AutoGPTQ / AutoGPTQ

An easy-to-use LLMs quantization package with user-friendly apis, based on GPTQ algorithm.
MIT License
4.37k stars 467 forks source link

[BUG] non positive-definite cholesky factorization #119

Open Lihengwannafly opened 1 year ago

Lihengwannafly commented 1 year ago

Describe the bug

2023-05-31 11:33:20 INFO [auto_gptq.modeling._base] Quantizing mlp.dense_4h_to_h in layer 7/70...
Traceback (most recent call last):
  File "quant_with_alpaca.py", line 178, in <module>
    main()
  File "quant_with_alpaca.py", line 121, in main
    model.quantize(
  File "/usr/local/lib/python3.8/dist-packages/torch/autograd/grad_mode.py", line 27, in decorate_context
    return func(*args, **kwargs)
  File "/usr/local/lib/python3.8/dist-packages/auto_gptq/modeling/_base.py", line 347, in quantize
    scale, zero, g_idx = gptq[name].fasterquant(
  File "/usr/local/lib/python3.8/dist-packages/auto_gptq/quantization/gptq.py", line 96, in fasterquant
    H = torch.linalg.cholesky(H, upper=True)
torch._C._LinAlgError: linalg.cholesky: The factorization could not be completed because the input is not positive-definite (the leading minor of order 57335 is not positive-definite).

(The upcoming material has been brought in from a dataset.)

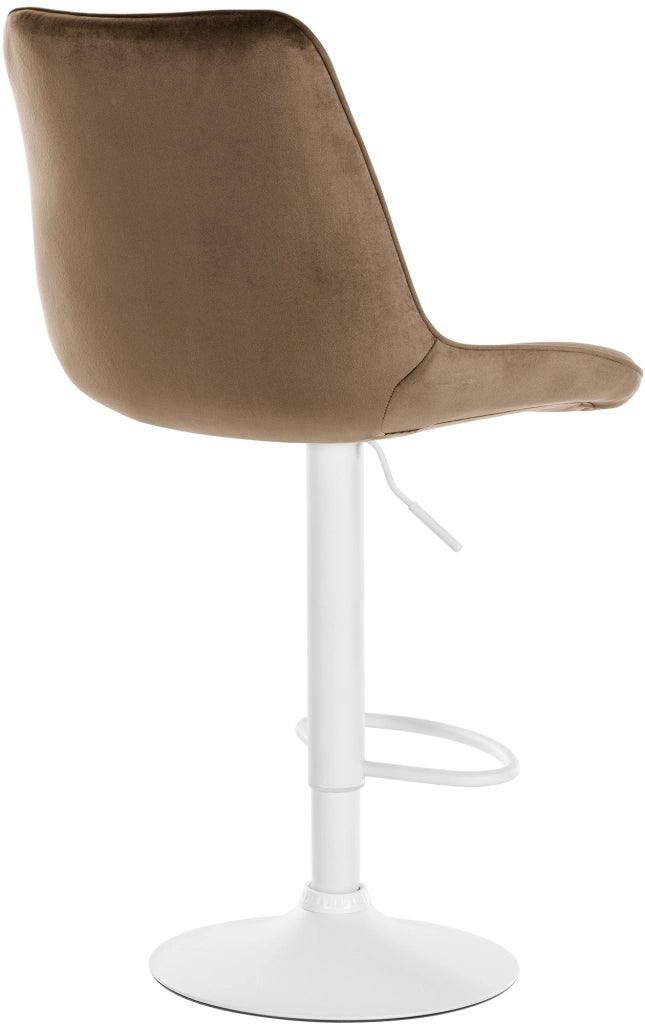 Sgabello Toni Velvet marrone,bianco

Hardware details single A100

Software version OS: ubuntu 20.04 Python: 3.8.10 CUDA: 11.8 PyTorch: 1.14.0a0+410ce96 transformers: 4.29.1 accelerate: 0.19.0

To Reproduce The command: python quant_with_alpaca.py --pretrained_model_dir /myapp/HF-bloom175B/ --quantized_model_dir /myapp/HF_quantized --bits 4 --num_samples 128(or 256) But it's successful to quantize bloom 7B model.

flozi00 commented 1 year ago

desc_act needs to be true, then it works as expected

wyklq commented 1 year ago

flozi00 can you be more specific, how to set desc_act to be true? thanks.

OK, I have found the answer by myself, after grep the source coes. It is a parameter in the example quantization program of e.g. quant_with_alpaca.py, and finally be a parameter in BaseQuantizeConfig(desc_act=True)

Yes, it works as expected. The only side effect is a bit slow in loading the big models. But that is tolerable. Thanks for the hit, it saves me huge effort.